I don’t know much about boxing, and I know even less about what it entails to train to become a good boxer. I figure it’s a lot of punching bags, doing push-ups, and dodging and weaving. I saw one of the Rocky films, but couldn’t tell you which one. Well, if anything, Punch Club is showing me that there’s much more involved, such as holding down part-time jobs, fighting mutated monsters in the sewers, eating food, sleeping, and keeping up your romantic relationships by bringing a young woman some flowers. The boxing life, it ain’t easy.

There’s a story here, and it’s sad. Your father was brutally murdered before your eyes…kind of just like how Batman’s parents went down. Now you must train hard, eat chicken, and punch dudes in the face to earn your place in the Punch Club ranks. All of this serves for you to discover who ended your father’s life and get that sweet, sweet revenge. I’m not there yet, still pretty low in the ranks, because it can be hard to multi-task, and so I’m splitting my time between multiple tasks, not sure what to really be focusing on in the short term. I figure it is better right now to earn money and buy training gear for my garage than keep paying the expensive gym fees, and that’s my main goal. The problem is something else always gets in the way.

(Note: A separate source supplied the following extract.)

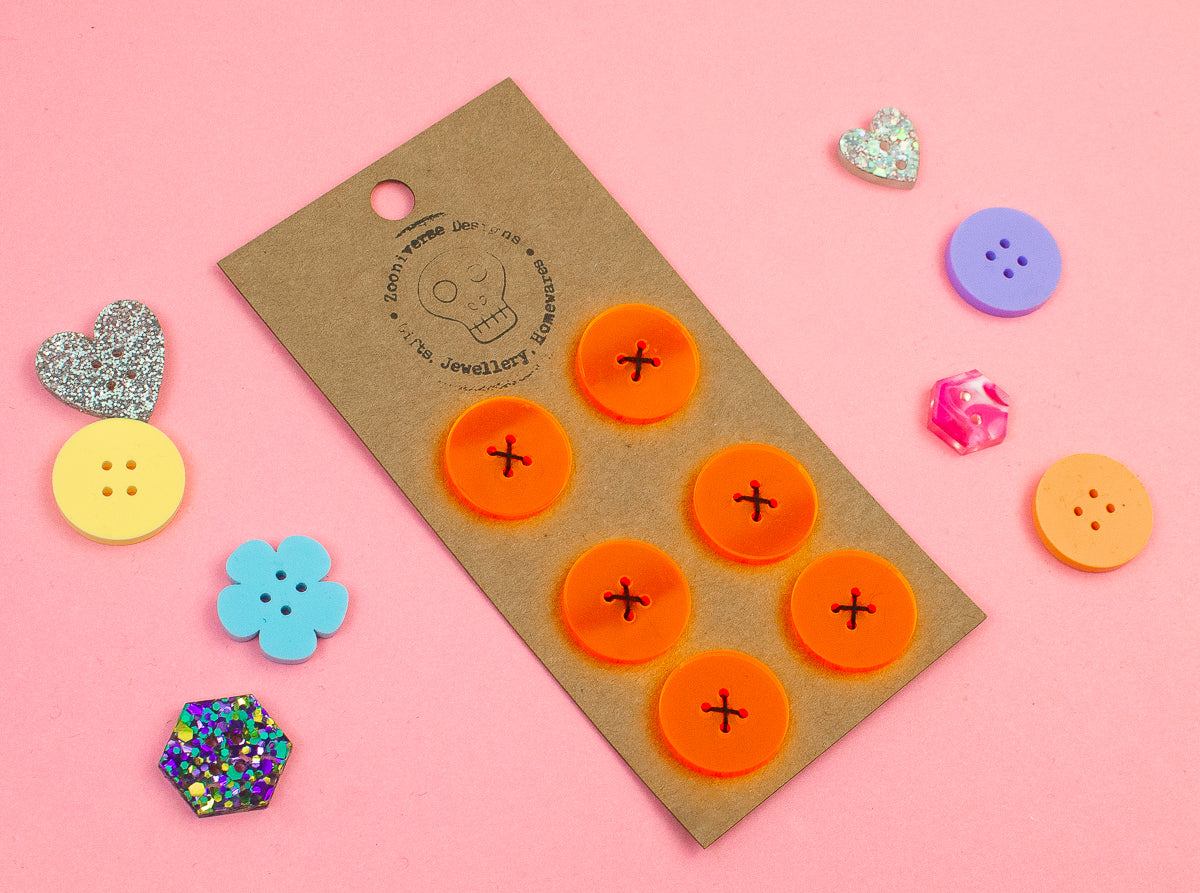 Orange Neon Acrylic Buttons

Punch Club, for those that don’t know, comes from Lazy Bear Games and is a boxing tycoon management game with multiple branching storylines. Your goal is pretty clear from the start, but how you get there depends on whether you want to legitimately climb the rankings or take the more ridiculous, shady route. I’m kind of dancing between both paths at the moment, unsure where my loyalty lies, but I’ll eventually need to pick a path and stick to it.

Whatever task you’re completing, whether is it punching a bag or delivering pizza, gameplay boils down to watching a series of fluctuating statistic bars representing your various levels go up or down and then judging when enough is enough. Every activity essentially fills up some and empties others, with time given a crucial stat bar of its own. It’s an approach that carries through to the most important portion of Punch Club: training up your fighter. You can improve your brawler’s three core attributes–strength, agility, and stamina–by using certain pieces of gym equipment. However, your abilities will degrade over time when you’re not exercising, so it’s best to reserve the really hard graft for the period just before your next fight, to better your chances for climbing that ladder.

I’m usually not one for management sims, but Punch Club has both an aesthetic and attitude that I really do dig. It doesn’t take itself too seriously. This is basically a sim of a 1980s fighter movie, so all the nostalgia is quite warranted. I won’t spoil all the references, but you’ll see loving nods to Rocky, Blood Sport, Cobra, The Teenage Mutant Ninja Turtles, Mortal Kombat, Street Fighter, Fight Club, Aliens, and more. The game itself uses pixel art, and it’s better than anything you probably ever saw on the SNES, with more colors and attention to detail. It might not be for everyone, but it’s definitively for me.

I don’t know how far up the ladder my trainee will get, but, for the time being, I’ll keep climbing.